Begin with the first line of the entries below. Copy each line exactly, stopping after the one that contains "Campingvogn/autocamper Mercedes Marco".

[Collection entries]
════════
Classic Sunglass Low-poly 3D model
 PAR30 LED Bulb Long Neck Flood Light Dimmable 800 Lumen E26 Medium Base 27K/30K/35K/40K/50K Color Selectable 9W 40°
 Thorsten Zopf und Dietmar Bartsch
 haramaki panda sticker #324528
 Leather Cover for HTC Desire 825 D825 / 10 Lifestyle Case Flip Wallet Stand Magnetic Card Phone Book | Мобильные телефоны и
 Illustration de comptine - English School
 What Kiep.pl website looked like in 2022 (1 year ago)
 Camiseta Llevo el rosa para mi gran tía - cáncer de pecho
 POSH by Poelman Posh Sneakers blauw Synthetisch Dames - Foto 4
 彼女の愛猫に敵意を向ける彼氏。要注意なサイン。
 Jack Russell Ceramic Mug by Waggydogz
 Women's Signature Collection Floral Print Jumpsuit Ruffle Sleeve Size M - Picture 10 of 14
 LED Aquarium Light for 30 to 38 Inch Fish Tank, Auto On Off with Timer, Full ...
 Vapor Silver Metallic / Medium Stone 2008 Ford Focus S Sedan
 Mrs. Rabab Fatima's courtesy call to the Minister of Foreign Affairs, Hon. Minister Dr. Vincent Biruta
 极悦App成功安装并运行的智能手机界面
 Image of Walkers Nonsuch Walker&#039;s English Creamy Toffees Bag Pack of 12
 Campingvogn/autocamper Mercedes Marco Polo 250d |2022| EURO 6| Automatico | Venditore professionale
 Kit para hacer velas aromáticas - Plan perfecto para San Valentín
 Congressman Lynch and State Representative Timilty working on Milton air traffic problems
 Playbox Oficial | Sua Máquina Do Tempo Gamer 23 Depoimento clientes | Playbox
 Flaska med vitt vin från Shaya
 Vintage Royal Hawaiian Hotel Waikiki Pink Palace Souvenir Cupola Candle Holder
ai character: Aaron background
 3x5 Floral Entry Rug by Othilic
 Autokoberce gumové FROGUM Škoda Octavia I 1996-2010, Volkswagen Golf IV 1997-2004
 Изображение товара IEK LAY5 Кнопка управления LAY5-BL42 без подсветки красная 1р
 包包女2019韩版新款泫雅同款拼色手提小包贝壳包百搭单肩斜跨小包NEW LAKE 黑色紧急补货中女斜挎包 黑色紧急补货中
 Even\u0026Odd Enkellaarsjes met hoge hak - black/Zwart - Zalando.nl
════════
OUTPUT FOR THIS TASK:
Classic Sunglass Low-poly 3D model
 PAR30 LED Bulb Long Neck Flood Light Dimmable 800 Lumen E26 Medium Base 27K/30K/35K/40K/50K Color Selectable 9W 40°
 Thorsten Zopf und Dietmar Bartsch
 haramaki panda sticker #324528
 Leather Cover for HTC Desire 825 D825 / 10 Lifestyle Case Flip Wallet Stand Magnetic Card Phone Book | Мобильные телефоны и
 Illustration de comptine - English School
 What Kiep.pl website looked like in 2022 (1 year ago)
 Camiseta Llevo el rosa para mi gran tía - cáncer de pecho
 POSH by Poelman Posh Sneakers blauw Synthetisch Dames - Foto 4
 彼女の愛猫に敵意を向ける彼氏。要注意なサイン。
 Jack Russell Ceramic Mug by Waggydogz
 Women's Signature Collection Floral Print Jumpsuit Ruffle Sleeve Size M - Picture 10 of 14
 LED Aquarium Light for 30 to 38 Inch Fish Tank, Auto On Off with Timer, Full ...
 Vapor Silver Metallic / Medium Stone 2008 Ford Focus S Sedan
 Mrs. Rabab Fatima's courtesy call to the Minister of Foreign Affairs, Hon. Minister Dr. Vincent Biruta
 极悦App成功安装并运行的智能手机界面
 Image of Walkers Nonsuch Walker&#039;s English Creamy Toffees Bag Pack of 12
 Campingvogn/autocamper Mercedes Marco Polo 250d |2022| EURO 6| Automatico | Venditore professionale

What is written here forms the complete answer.